Victoria is in lockdown, for now, but the National Wool Museum’s tribute to the “make-do Aussie spirit” is set for a fitting return when restrictions ease.
The museum is custodian to one of Australia’s largest and most significant collections of heritage quilts and waggas, on display for the first time in 25 years.
While temporarily closed, ‘Necessity: waggas and the art of making do’ is scheduled to remain on display until December 5, giving locals a chance to view the exhibit when restrictions ease.
Born of necessity and the desperate times of the 1890s to 1930s, the wagga was the bushman’s blanket, made by pioneering men from old jute wheat sacks and wool bales.
As it evolved, women replaced the rough jute sacks with calico flour bags, fabric swatches and bits of old clothes.
The wagga embodies “the make-do Aussie spirit”, according National Wool Museum director Padraic Fisher.
“Necessity: waggas and the art of making do shows us that even in challenging times our designs can be quite extraordinary,” he said,
“In Australia, this art of making do has a long and rich history.”
Taking inspiration from the wagga, the exhibition presents a range of other creations borne of necessity from across the centuries.

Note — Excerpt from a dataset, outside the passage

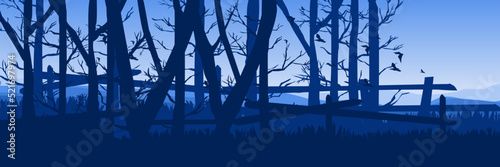 dead forest landscape with broken fence silhouette good for wallpaper, background, backdrop, banner, web, nature, adventure and template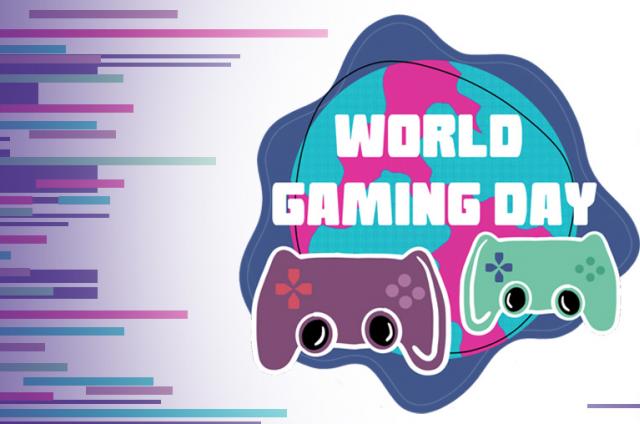 World Gaming Day promotional banner, with the World Gaming Day logo showing two computer controllers in purple and green.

These objects include a wool fragment recovered from the 1797 Sydney Cove shipwreck, a maid’s dress from 1840, two rare Jimmy Possum chairs, contraband from the Geelong Gaol and even an upcycled cardboard sleeping bag.
The exhibit also includes contemporary community quilting projects to show that the art of making do “is still with us and continues to thrive today”.
“As we marvel at furniture, dresses and waggas cobbled together from scarce materials available at the time, it is vital we recognise the ingenuity and skills of making do,” Mr Fisher said.
“Exhibitions like this are important because they help connect us. Like a handshake across time, they bring us closer to those who made and used these objects and the lives they lived.”
Mayor Stephanie Asher said the exhibition told the stories of treasured family pieces and the people they are connected to.
“Council is dedicated to the preservation and promotion of Australian heritage quilts and waggas as part of cultural programming at the National Wool Museum,” Cr Asher said.
“Through [various other] ongoing programs we continue to support this commitment and help tell the deeper stories of these treasured pieces.”